Hausherr Agathon, frisch bekränzter Tragödiendichter und jugendlicher Held, lobt daraufhin den Eros ob dessen ewiger Jugend, weil der beständig das Alter fliehe. Ein Dichter sei er, der andere zu Dichtern mache; zart auch, weil er auf dem weichsten Grund wandle, den es gebe, nämlich dem Gemüt und der Seele der Menschen. Für Thomas Oser spiegelt sich darin der heute angesagte Jugendwahn wider, der die Gesellschaft der westlichen Welt beherrsche.

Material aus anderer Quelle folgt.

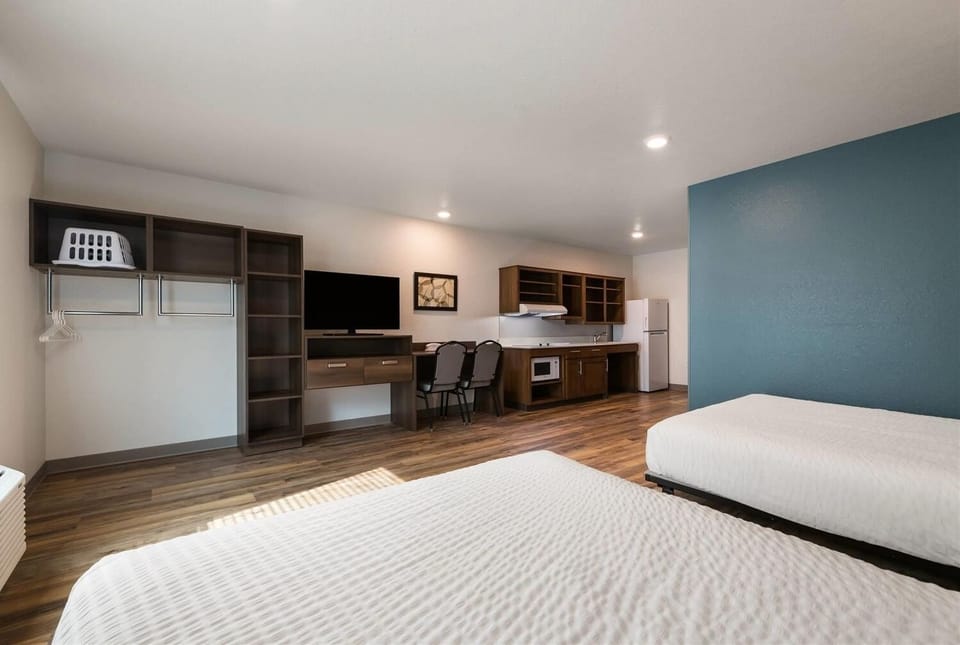 Imagine spreading out with kitchenette, TV, and generous storage.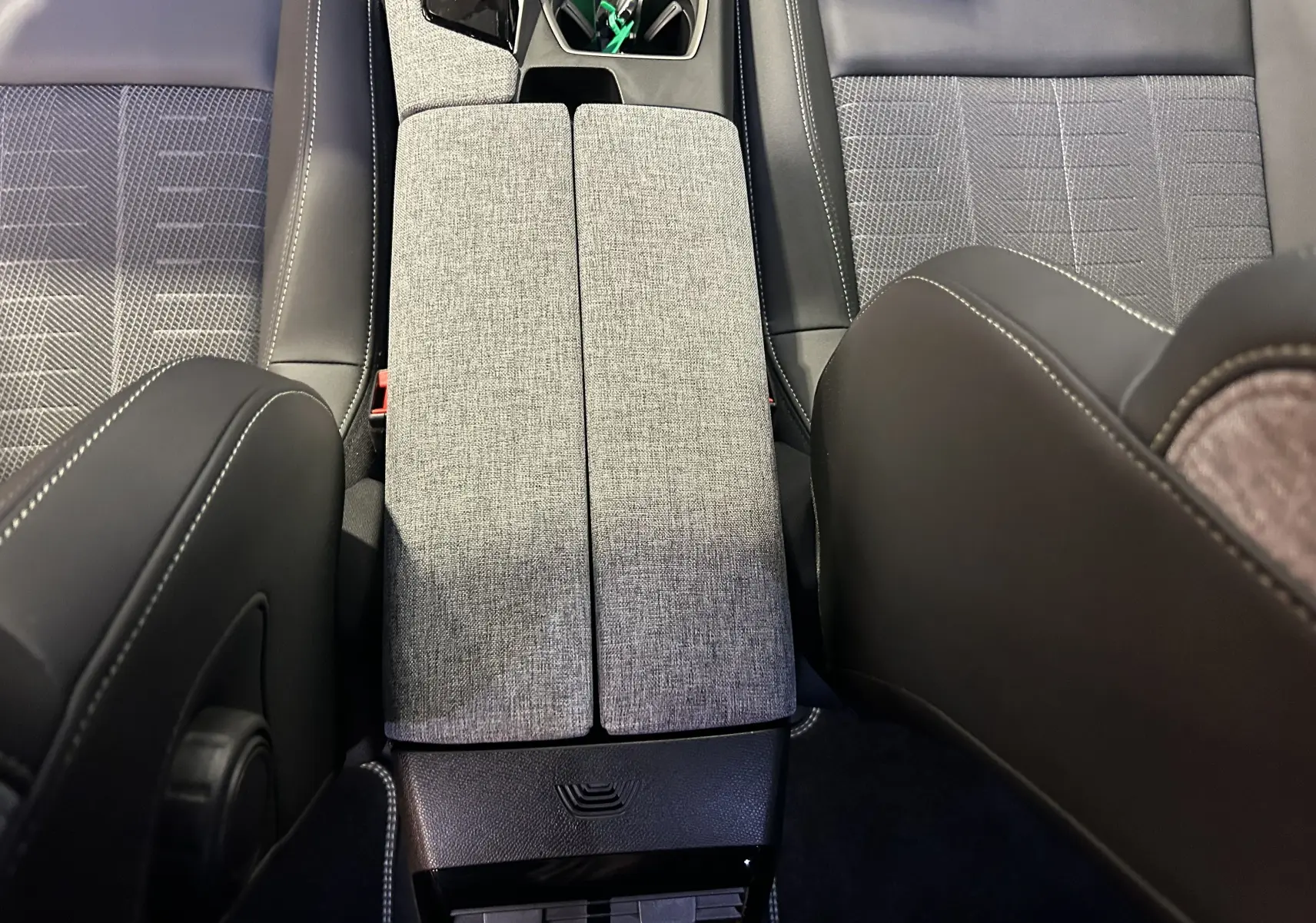 Vue plongeante sur la console centrale grise et les sièges en tissu et cuir noir de la Peugeot 5008 Hybrid 2025.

Mit zurückhaltender, aber zielsicher angewandter Mimik und Gestik unterstreicht Thomas Oser während seines Vortrags das Pathos, das den redenden Figuren des Symposions eigen ist. Selbst dem später auftauchenden Helden der Athener, Alkibiades, verleiht er den ihm zustehenden Ausdruck. Der Kriegsmann ist zum Zeitpunkt seines Auftauchens im Hause Agathons bereits sturzbetrunken. Einzig Sokrates, der Philosoph des Wissens um das Nichtwissen, scheint in der Runde einigermaßen bei Sinnen zu sein und erkennt, dass der Eros von den bisherigen Rednern lediglich für eines jeden eigenen Zweck ins Feld geführt worden sei. Auf der Suche nach der wahren Natur des Eros erinnert er sich der Lehren einer gewissen Diotima, die ihn in die Dinge der Liebe eingewiesen habe. Die sah den Liebesgott, der den Menschen beibringe, eine richtige Meinung zu bilden, ohne sie begründen zu können, in Folge seiner Zeugung durch Poros und Penia (Armut und Reichtum) stets in der Mitte zwischen Weisheit und Torheit. Eros sei nicht die Liebe zum Schönen, sondern er bilde den Drang, "im Schönen zu zeugen".

Im Laufe der Nacht gerät das Gelage immer mehr aus den Fugen und ein Teilnehmer nach dem andern schläft ein, zuletzt auch Aristophanes und Agathon. Einzig Sokrates bleibt wach und macht sich in der Morgendämmerung aus dem Staub, um ein Bad zu nehmen.